To do: Write out the line that holds "Camberwell Apartment |" together with every line that follows it to the end of the material below, exactly. Omit the pictures.

Start of Supplied information

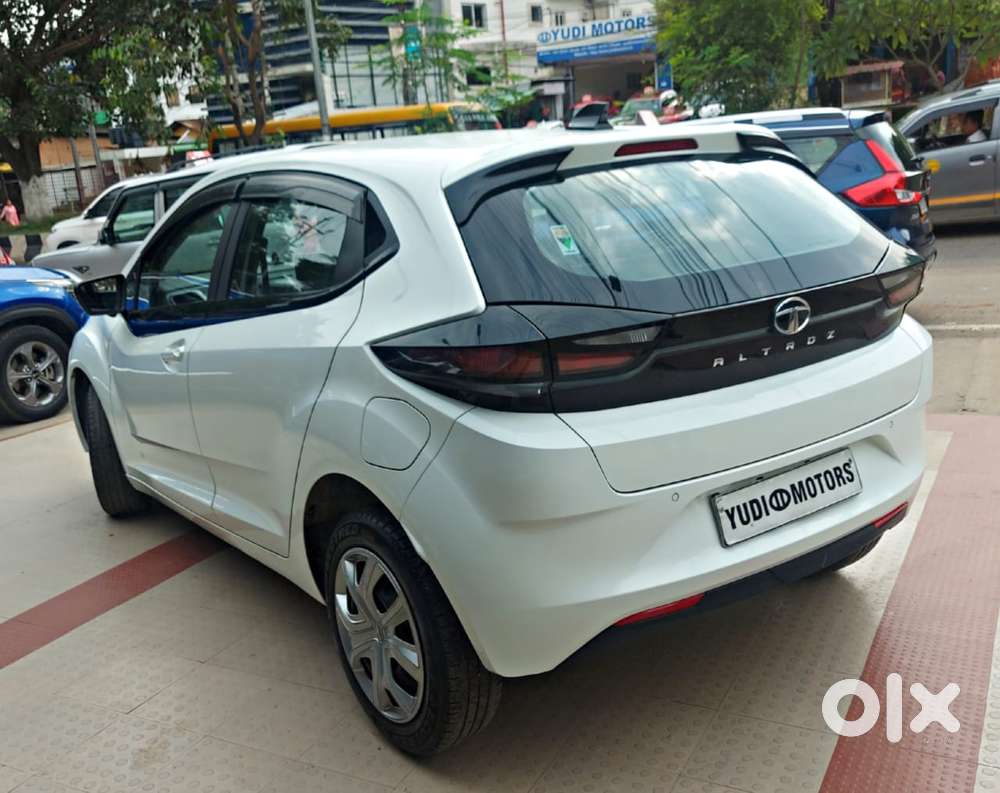 Tata Altroz 1.2 Xm Plus, 2024, Petrol
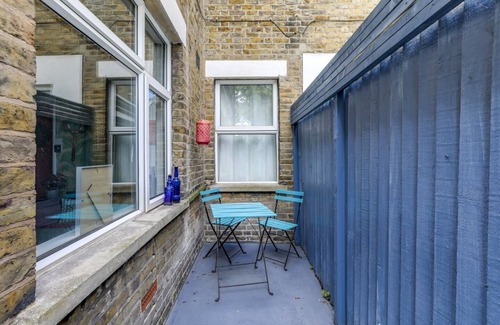 Camberwell Apartment | Claremont Apartment A - London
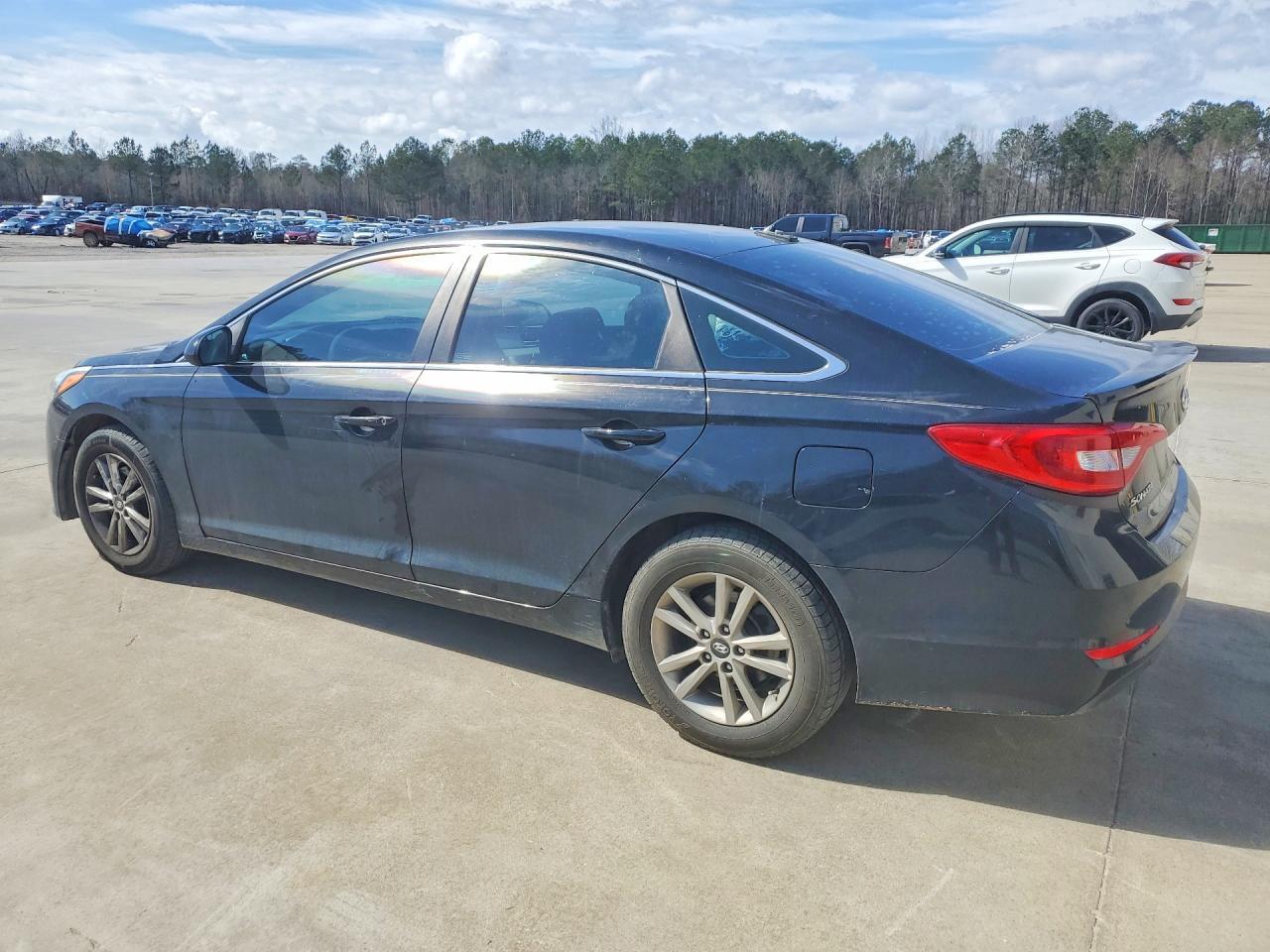 2017 HYUNDAI SONATA SE photo 2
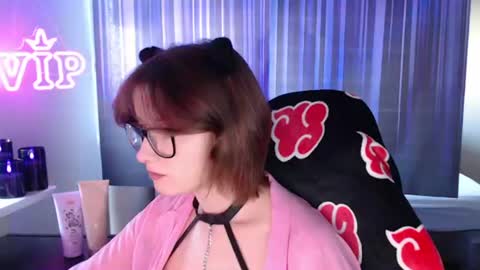 Snapshot of lunaxcherry chatting on 07-30-26, 04:39 LunaXcherry online show from 07-30-26, 04:39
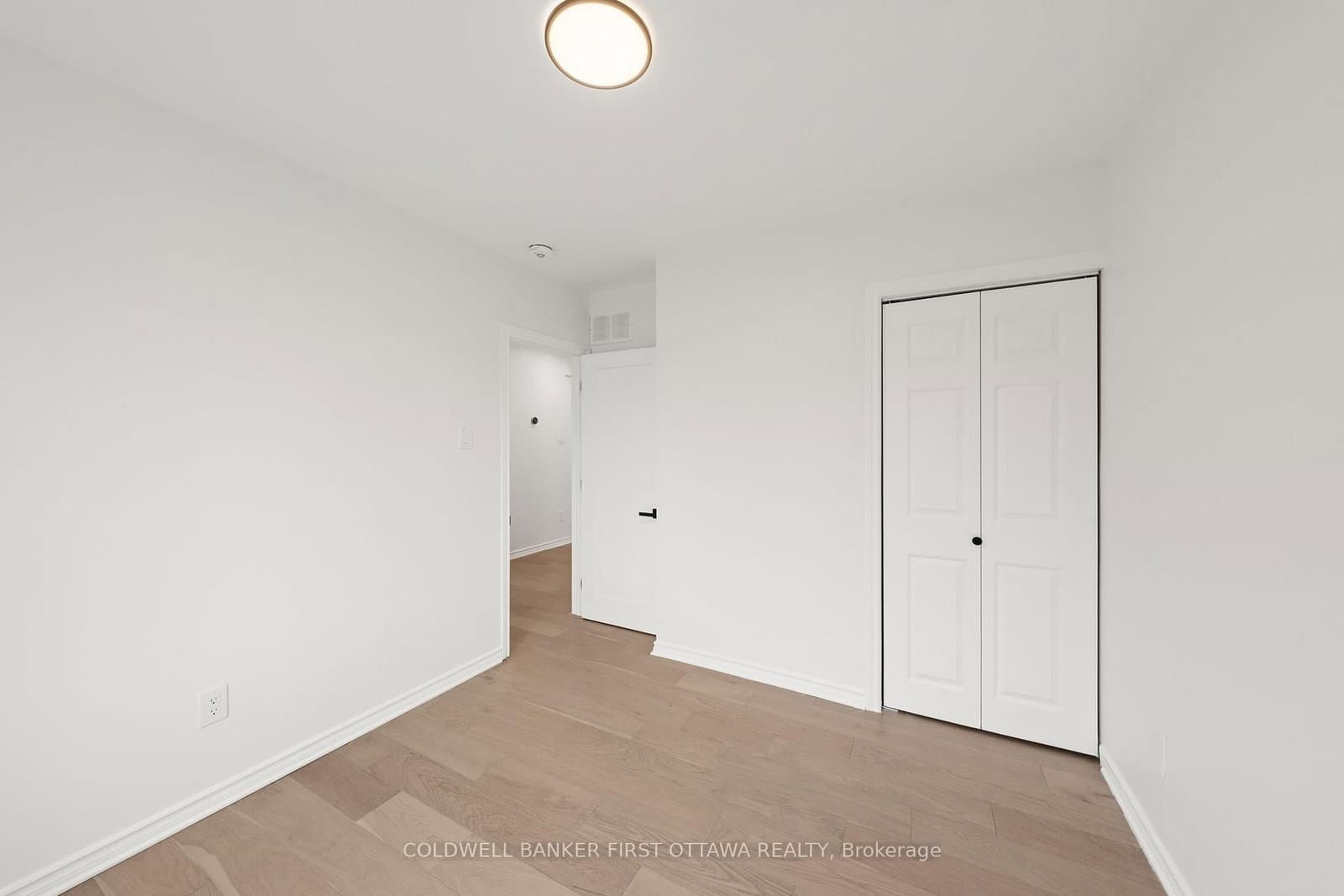 26 SPRING GARDEN AVE in Ottawa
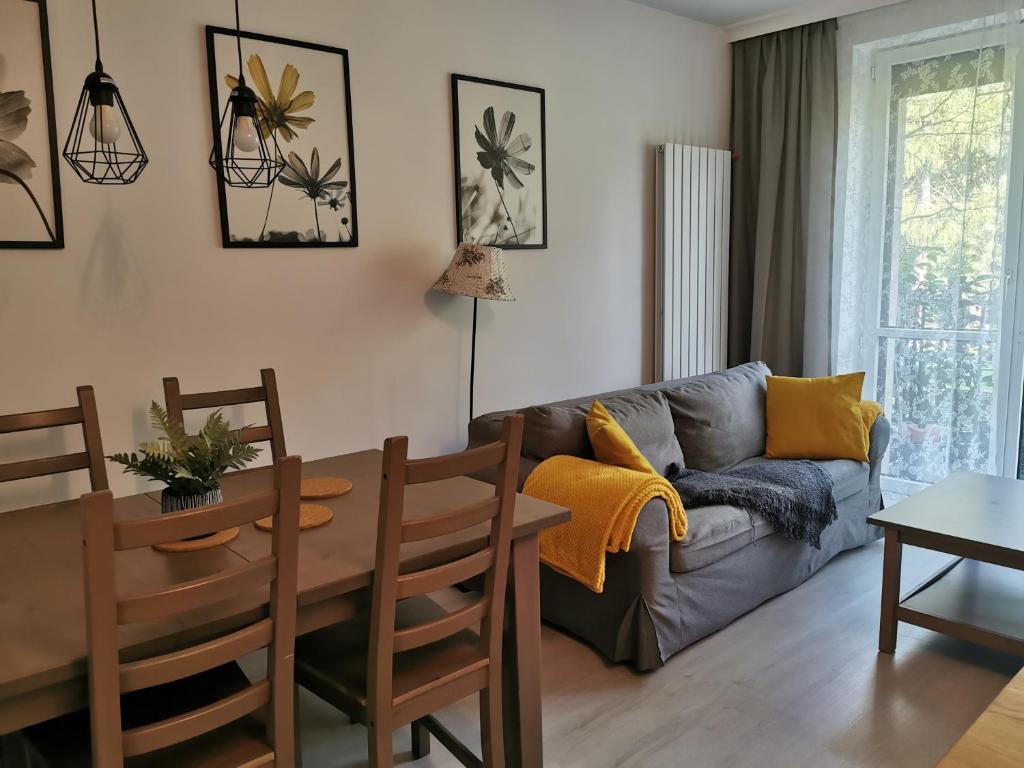 Zdjęcie z galerii obiektu Apartament w parku w Oświęcimiu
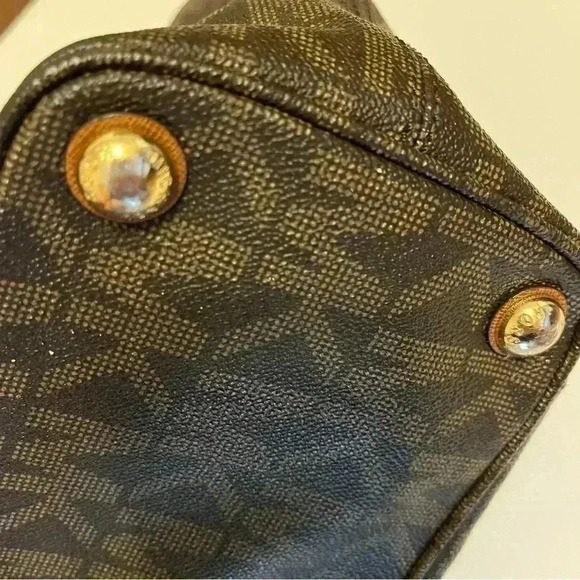 Michael Kors MK initial tote shoulder bag in brown - Picture 6 of 16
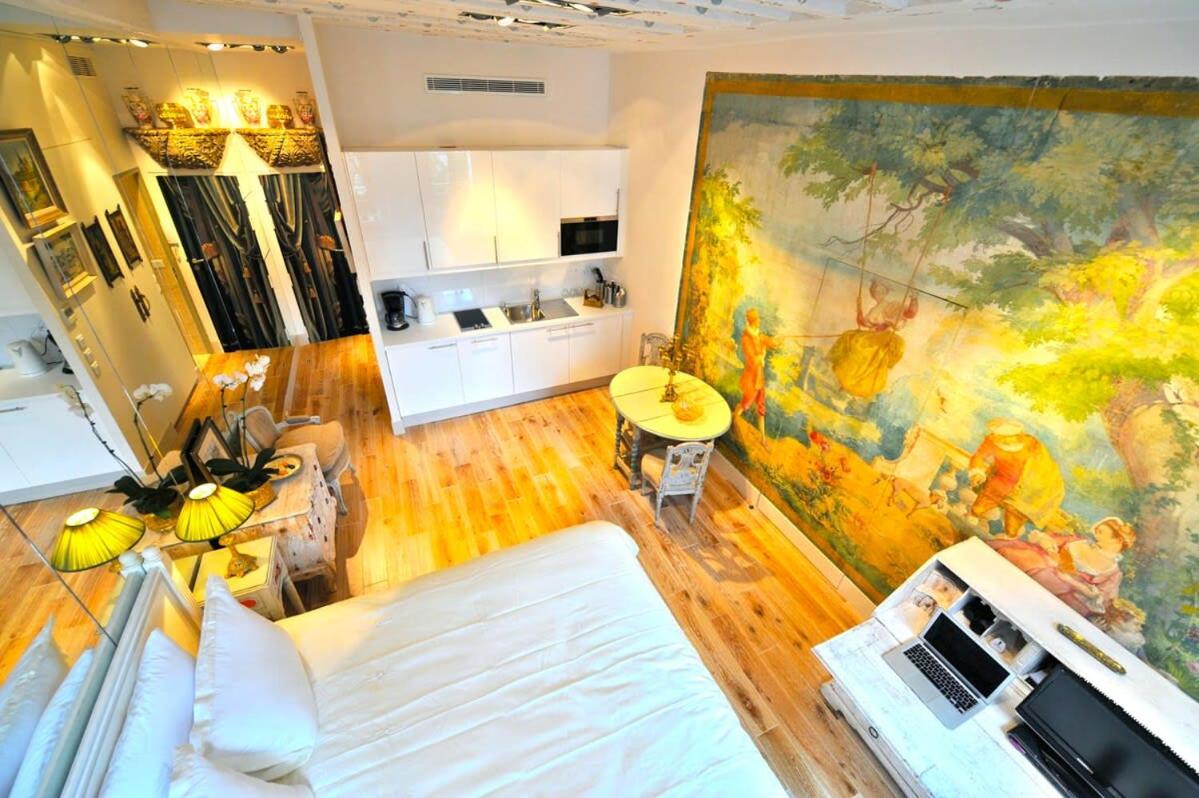 A Gem at Notre Dame - 3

End of Supplied information

Written solution:
 Camberwell Apartment | Claremont Apartment A - London
 2017 HYUNDAI SONATA SE photo 2
 Snapshot of lunaxcherry chatting on 07-30-26, 04:39 LunaXcherry online show from 07-30-26, 04:39
 26 SPRING GARDEN AVE in Ottawa
 Zdjęcie z galerii obiektu Apartament w parku w Oświęcimiu
 Michael Kors MK initial tote shoulder bag in brown - Picture 6 of 16
 A Gem at Notre Dame - 3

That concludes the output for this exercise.